И здесь мы переходим к самому важному. Причины Булавинского восстания в «Историческом описании Земли Войска Донского» описаны подробно, но при этом амбивалентность тут достигает пика. С одной стороны, в тексте восставшие явно и очевидно осуждаются. Присутствует, в частности, знакомый нам сюжет о том, что настоящие казаки не поддержали бунта: «В это время, так сказать, коренных казаков лучшего и отборного воинства не было на Дону с самого открытия войны с Швецией. <…> Отсутствие этих верных государю воинов всего более благоприятствовало Булавину» (Там же: 553-554). Правительственные меры, возмутившие казаков, в целом подаются с положительной лексической коннотацией, как «обуздание своевольства на Дону» (Там же: 553). В результате текст «Исторического описания» можно прочесть в рамках мифа о Империи, следующим образом реконструировав авторскую позицию: Империя пытается обуздать беззаконие в крае, настоящие казаки уходят защищать эту Империю на войне, и в этот момент изменники поднимают восстание в тылу. Проблема, однако, в том, что причины восстания описаны крайне подробно, и при внимательном чтении этого описания становится ясно, что «обуздание своевольства на Дону» сопровождалось целым рядом случаев жестокого произвола имперских властей. Так, имели место «насильственные поступки чиновников, присланных из Адмиралтейского приказа на Дон почти в то же время для описи корабельного леса, которые самопроизвольно высылали казаков из городков в Россию без всякого различия, причиняя им обиды» (Там же: 548). Так был полностью уничтожен Бугучарский казачий городок – а уничтоживший его чиновник даже не поставил в известность Донское Войско (Там же: 549). Соответственно, текст «Исторического описания» может быть прочитан и в рамках мифа о свободе, и тогда позиция его автора реконструируется так: Империя творила беззаконие, жестоко угнетала казаков, и тогда смелый К.А. Булавин с оружием в руках встал на защиту народных прав. А теперь вспомним, что текст «Исторического описания» изначально рассматривался современниками как конструкт, какие-то части которого были вставлены в нарратив постфактум в рамках проимперского цензурирования. Мы получаем идеально амбивалентную версию Булавинского восстания, равно позволяющую представить К.А. Булавина и как героя, и как предателя, и в промежутке между этими крайними оценками.

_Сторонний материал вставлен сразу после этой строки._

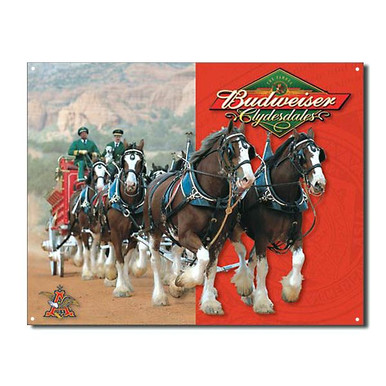 The Budweiser Clydesdale (and his Buddy) are Back!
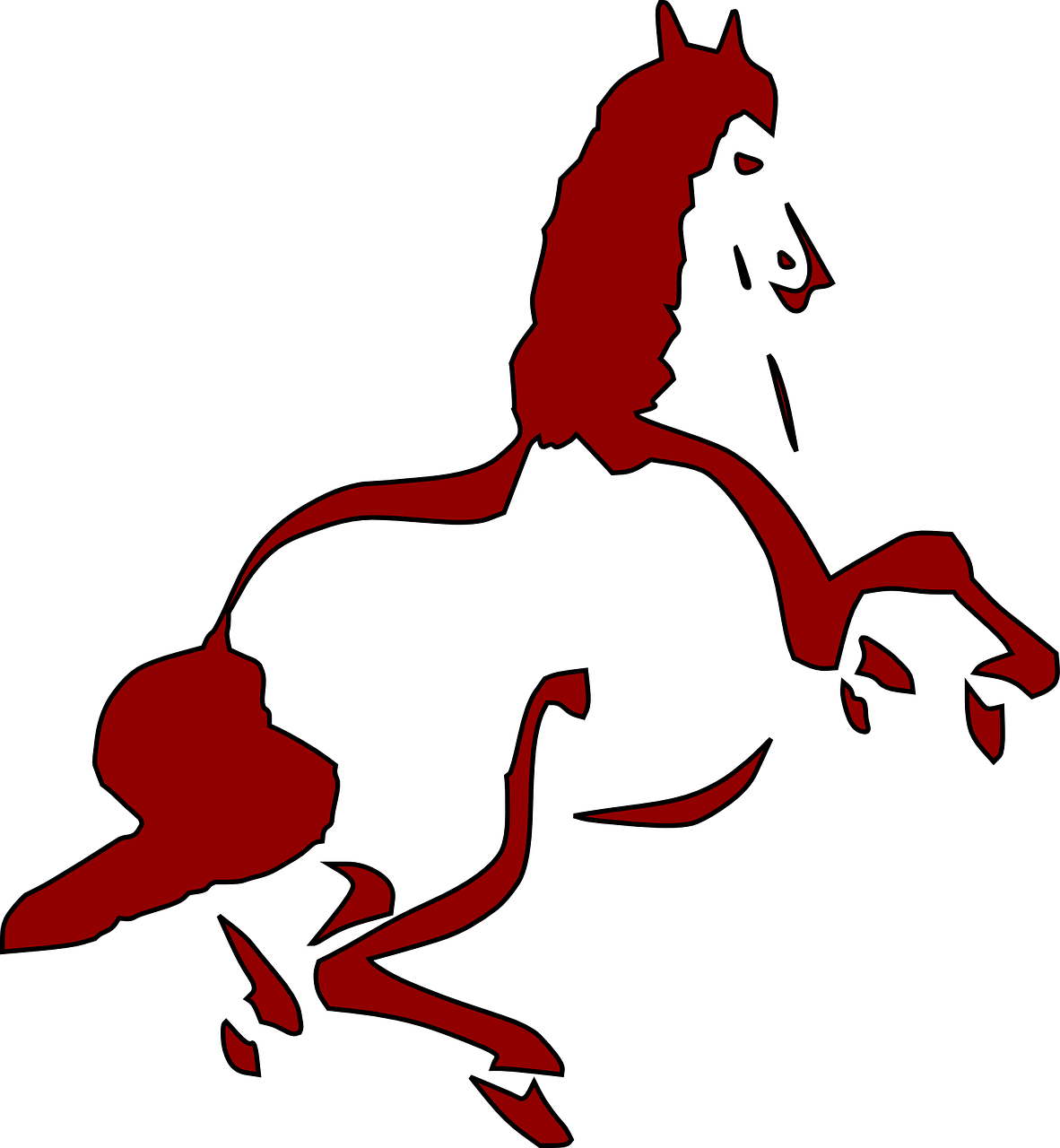 Horse Clip Art - Png Download (665x720), Png Download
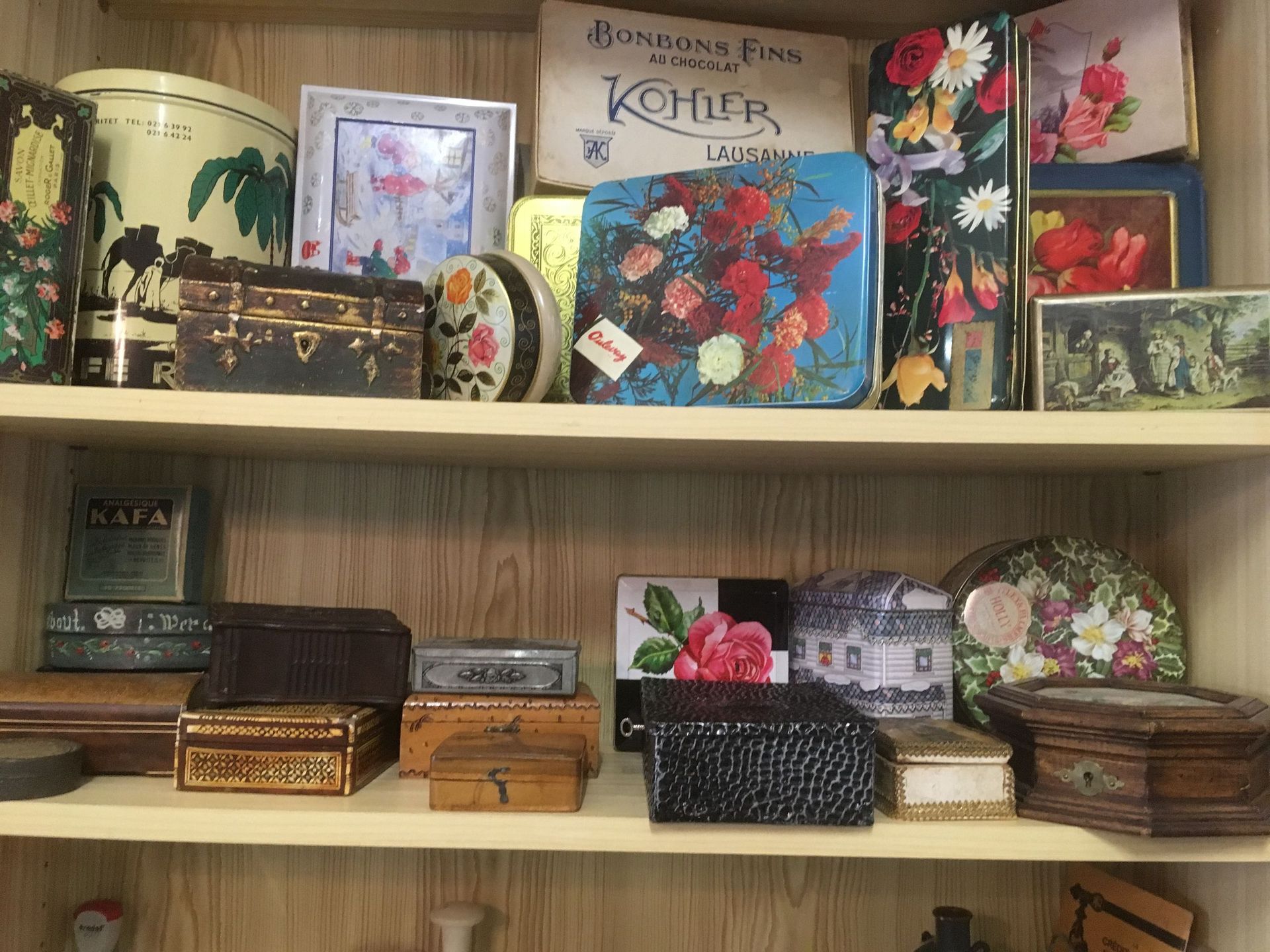 Boîtes - Meubles Alaska et Brocante - La Brévine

Аналогичным образом амбивалентна и интерпретация в «Историческом описании» тех посланий, которые рассылал К.А. Булавин. С одной стороны, они помещаются в контекст, дискредитирующий их автора: так, в абзаце о отправке послания запорожским казакам булавинцы названы «убийцами, обагрившимися кровью сограждан своих», причем вполне обоснованно, с отсылкой к жестоким убийствам ими верных Империи казаков (Там же: 559). Однако далее безо всяких комментариев и опровержений пересказывается это послание, в котором доказывалось, что донские казаки поднялись, чтобы сохранить «прежние обыкновения, как у дедов, у отцов наших и у нас бывали», а принудил их к этому князь Ю.В. Долгоруков тем, что «разорил и пожег многие наши городки, пытал казаков, бил кнутом, резал им носы и губы без всякой причины, наругался над женами нашими и вешал детей наших младенцев по деревьям» (Там же: 560). Подобные описания жестокости Империи в контексте нарратива «Исторического описания» вполне правдоподобны: буквально несколькими страницами ниже уже от самого автора как безусловная правда описываются меры, которые Петр I приказал принять против бунтовщиков, и в их числе оказывается приказ целый ряд казачьих городков «сжечь и разорить до основания, людей рубить, а заводчиков сажать на кол и колесовать» (правда, с оговоркой, что со сдавшимися добровольно следует поступать ласково) (Там же: 563).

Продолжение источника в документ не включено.